You don't need byGrapheme for simple DSL. In fact as long as DSL is simple enough (ASCII only) you may safely avoid decoding. If it's in Russian you might want to decode. Even in this case there are ways to avoid decoding, it may involve a bit of writing in as for typical short novel ;)

Yes, my mistake ;) I was thinking about *Crime and Punishment* but writen *War and Peace*. Don't know why. May be because it is longer.

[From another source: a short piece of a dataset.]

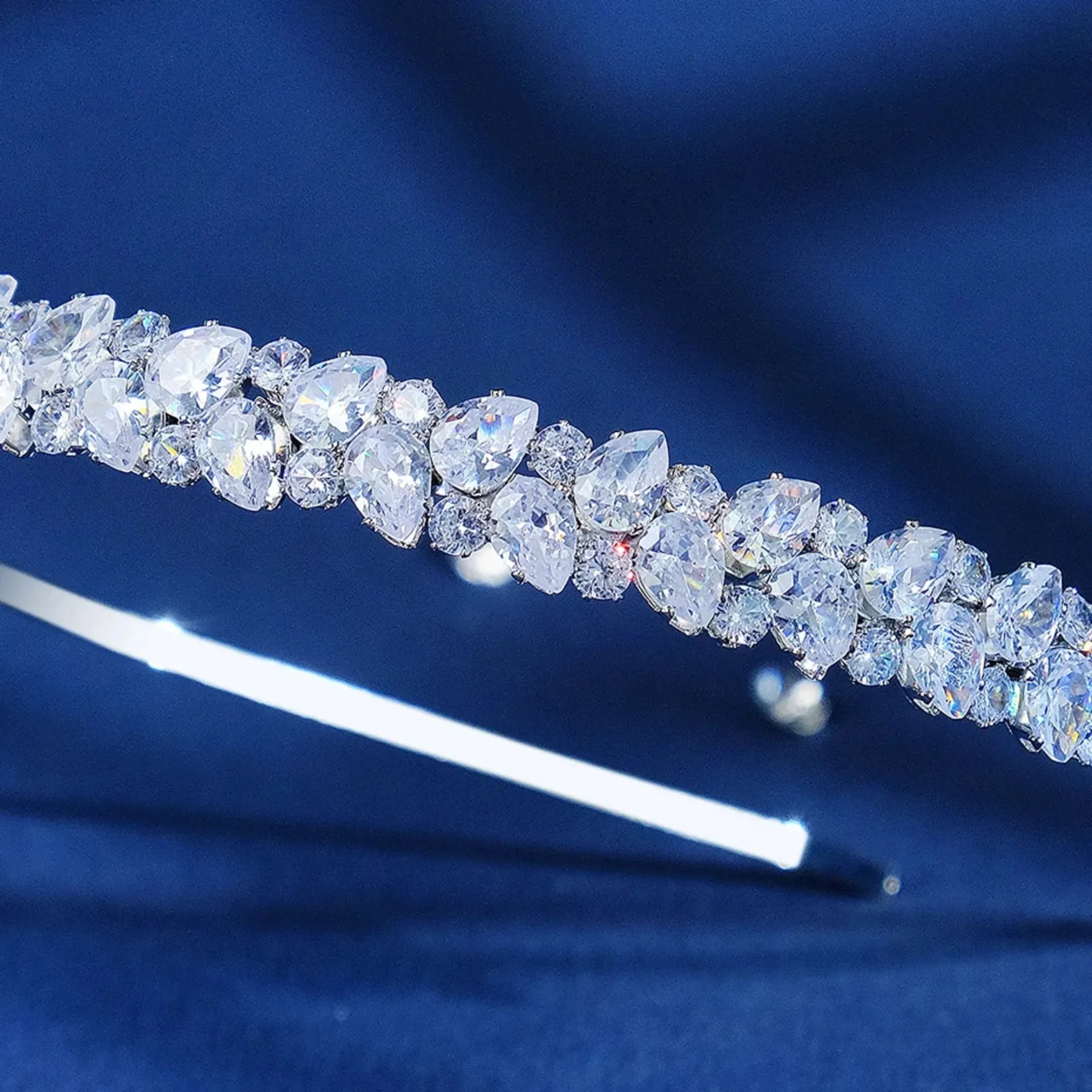 "Solana" - Silver Cubic Zirconia Bridal Headband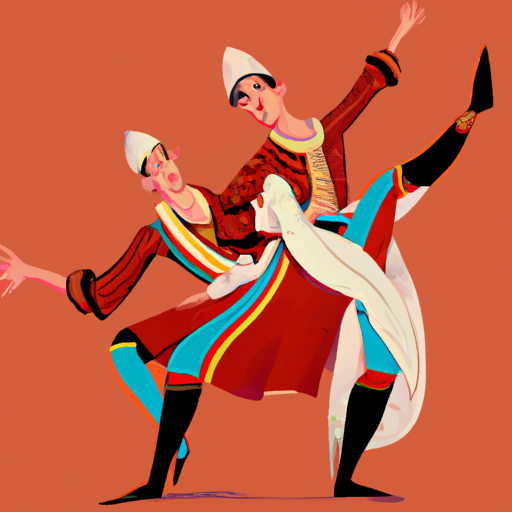 רקדנים גרוזיניים מסורתיים מופיעים בתלבושות צבעוניות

Thanks for useful links. As far as we are talking about standard library I think that some stanard aproach should be provided to solve often tasks: searching, sorting, parsing, splitting strings. I see that currently we have a lot of ways of doing similar things with strings. I think this is a problem of documentation at some part. When I parsing text I can't understand why I need to use all of these range interfaces instead of just manipulating on raw narrow string. We have several modules about working on strings: std.range, std.algorithm, std.string, std.array, std.utf and I can't see how they help me to solve my problems. In opposite they just creating me new problem to think of them in order to find *right* way. So most of my time I spend on thinking about it but not solving my task.

It is hard for me to accept that we don't need to decode to do some operations. What is annoying is that I always need to think of codelength that I should show to user and byte length that is used to slice char array. It's very easy to be confused with them and do something wrong.

I see that all is complicated we have 3 types of character and more than 5 modules for trivial manipulations on strings with 10ths of functions. It all goes into hell. But I don't even started to do my job. And we don't have *standard* way to deal with it in std lib. At least this way in not documented enough.